§ ASSIGNED TASK
This exercise calls for the whole listing to be given again exactly, without images.

[[ RECORDED INFORMATION open ]]

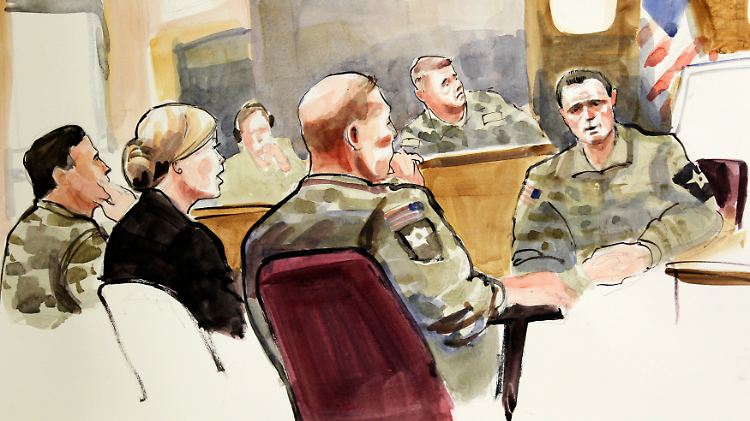 Die Zeichnung zeigt den Unteroffizier Robert Bales (r) im Gerichtssaal.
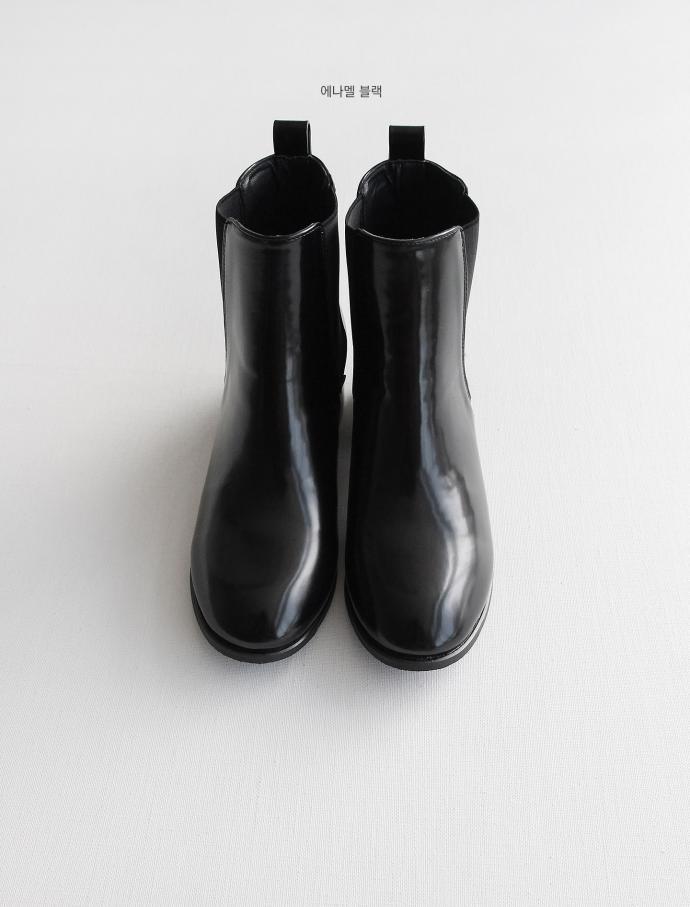 Women's Chelsea Angle Boots Made in Korea Three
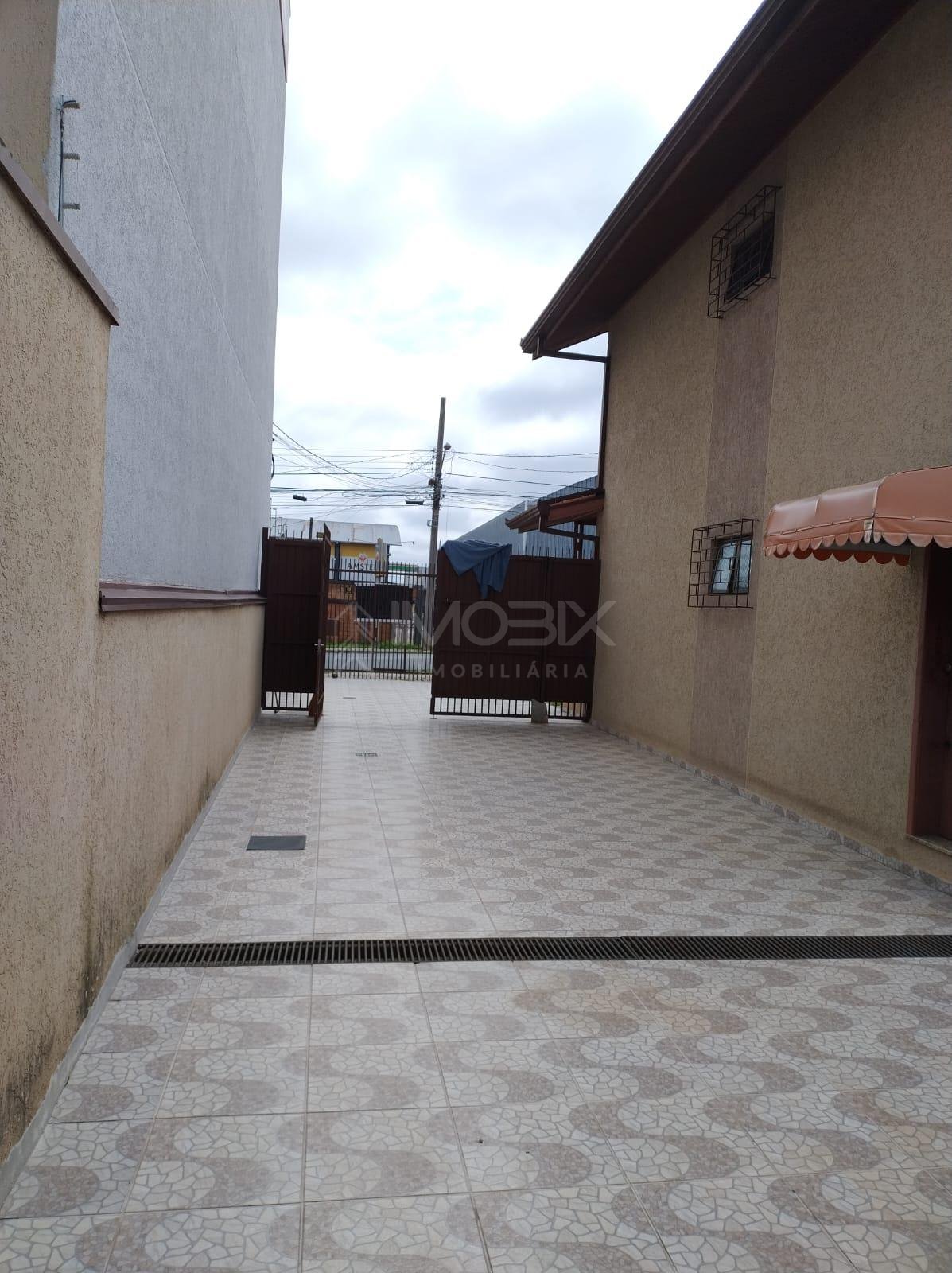 Sobrado à venda bairro Uberaba - Ctba - PR, oportunidade única...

[[ RECORDED INFORMATION closed ]]

§ PROBLEM SOLUTION
 Die Zeichnung zeigt den Unteroffizier Robert Bales (r) im Gerichtssaal.
 Women's Chelsea Angle Boots Made in Korea Three
 Sobrado à venda bairro Uberaba - Ctba - PR, oportunidade única...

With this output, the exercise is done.